Minnesota State Board of Investment, St. Paul, plans to look for a transition manager.
The board’s investment advisory committee agreed with investment staff’s recommendation to “test the market” and put transition management out for competitive bid, Jeff Bailey, director of financial benefits and analysis at Target Corp., Minneapolis, and a member of the board’s investment advisory committee, told the board on Tuesday.
State Street Corp. is the board’s current transition manager and will be considered.
No RFP will be issued, said Mansco Perry III, executive director of the board, which oversees $79.8 billion in pension and other assets. Instead, board staff will create a shortlist of transition managers to be considered and report to the investment advisory committee on Nov. 18.

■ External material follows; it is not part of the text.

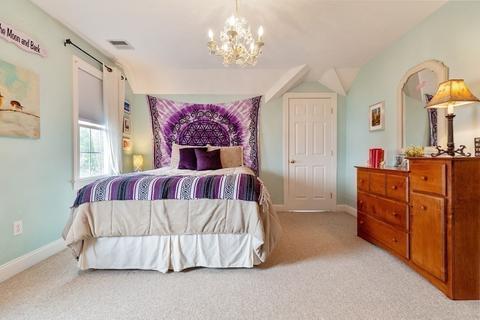 36 Mohawk Path, Holliston, MA 01746 photo 26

Separately, the state’s combined funds, comprising $59.4 billion in pension assets returned 18.6% for the 12 months ended June 30, the board’s fiscal year, vs. the board’s 18% custom benchmark, driven by “robust” returns in its 13% alternatives allocation, which returned 18.9%, Mr. Perry said. Details on other asset classes weren’t announced at the meeting.
For the quarter ended June 30, investments returned 3.9% vs. the benchmark’s 4.1% return. For other periods ended June 30, five-year returns were 14.5% vs. the benchmark’s 13.8%; 10 years, 8.4% vs. 8.1%; 20 years, 9% vs. 8.8%; and 30 years, 10.3% vs. 10%. All multiyear returns are annualized.
Also at the board meeting Tuesday, several protesters demanded that the board divest its investment in Israel government bonds because of what they called the country’s violations of human rights and its volatile economy. Mr. Perry would not say how much the board has invested in Israeli bonds; local media reports say the state invests $30 million through the investment board.
Minnesota Gov. Mark Dayton, who chairs the board, said he had a “different view” of Israel and that legal rulings ordering divestment were rejected by state courts, including the Minnesota Supreme Court. “As far as I’m concerned, the case is closed,” Mr. Dayton said.
The board’s holdings in Israeli bonds expire June 30, 2015, but the investment board has an option to reinvest. Mr. Dayton said that decision could be taken up by the board at its March 2015 meeting.